(Beginning of RECORDS FOR THIS EXERCISE)

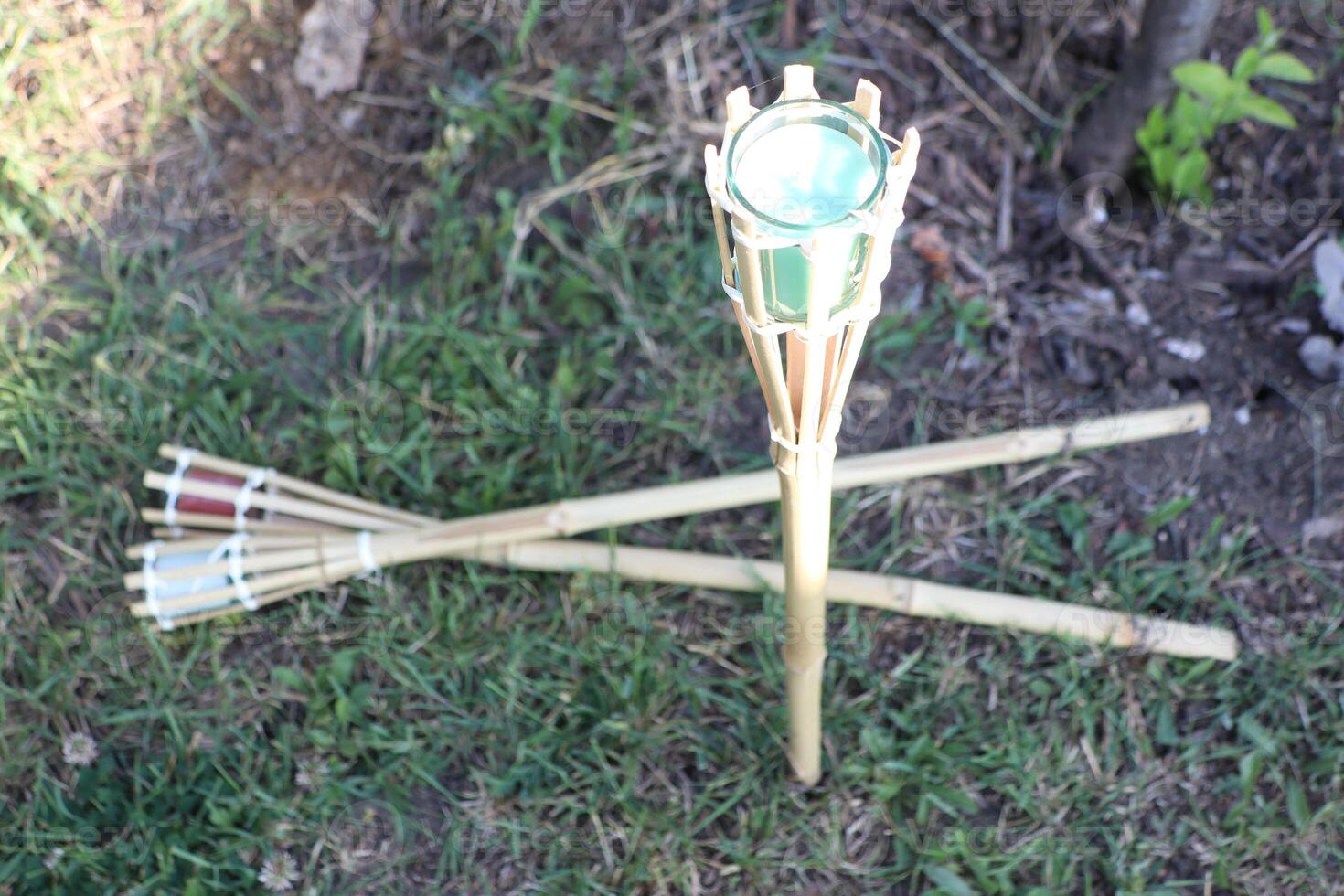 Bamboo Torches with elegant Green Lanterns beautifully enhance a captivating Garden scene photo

(End of RECORDS FOR THIS EXERCISE)
(Beginning of RECORDS FOR THIS EXERCISE)

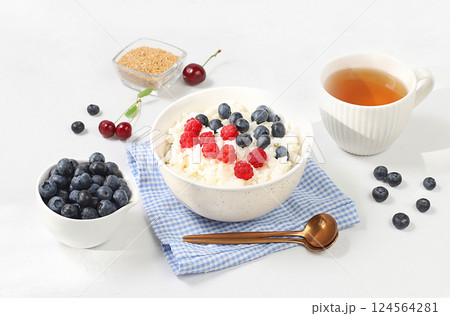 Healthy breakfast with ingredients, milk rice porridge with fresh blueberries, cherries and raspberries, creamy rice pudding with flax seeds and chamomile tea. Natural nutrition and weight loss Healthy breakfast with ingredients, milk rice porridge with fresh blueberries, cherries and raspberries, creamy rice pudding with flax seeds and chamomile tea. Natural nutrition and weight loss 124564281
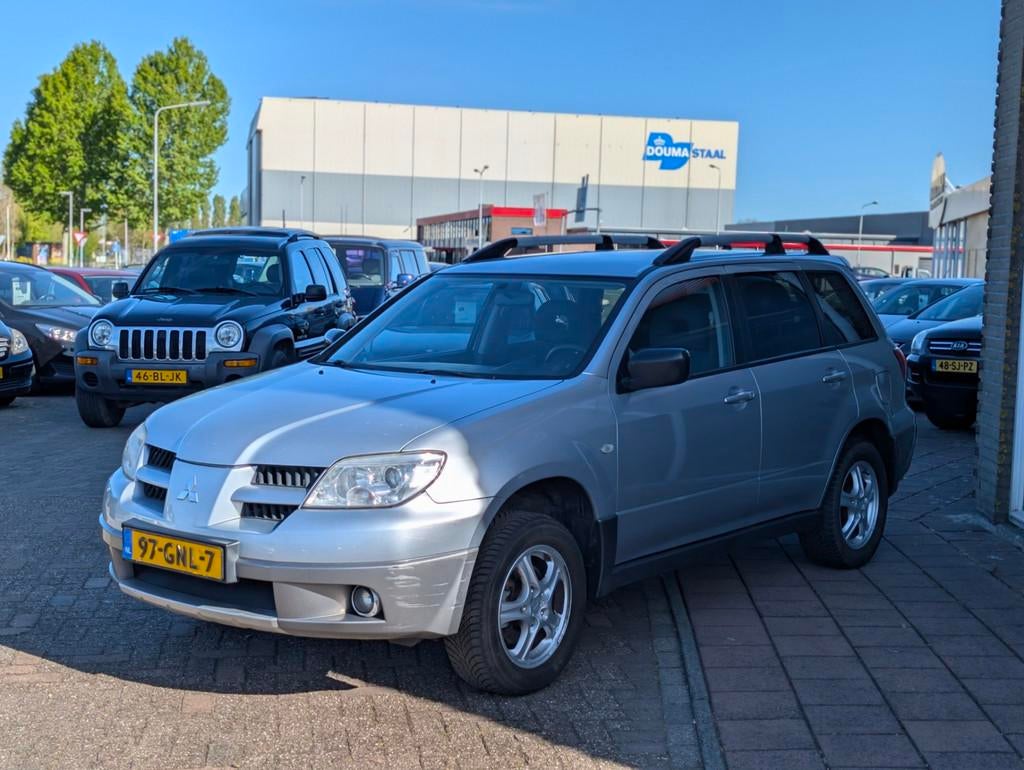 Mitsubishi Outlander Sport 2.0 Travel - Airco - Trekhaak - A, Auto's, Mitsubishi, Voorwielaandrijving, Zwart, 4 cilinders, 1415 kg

(End of RECORDS FOR THIS EXERCISE)

▸ TASK DETAILS:
Everything from the line with "weight loss 124564281" through the line with "Mitsubishi Outlander Sport" in the material above should be transcribed exactly, except the pictures.

▸ ANSWER TO THE EXERCISE:
 Healthy breakfast with ingredients, milk rice porridge with fresh blueberries, cherries and raspberries, creamy rice pudding with flax seeds and chamomile tea. Natural nutrition and weight loss Healthy breakfast with ingredients, milk rice porridge with fresh blueberries, cherries and raspberries, creamy rice pudding with flax seeds and chamomile tea. Natural nutrition and weight loss 124564281
 Mitsubishi Outlander Sport 2.0 Travel - Airco - Trekhaak - A, Auto's, Mitsubishi, Voorwielaandrijving, Zwart, 4 cilinders, 1415 kg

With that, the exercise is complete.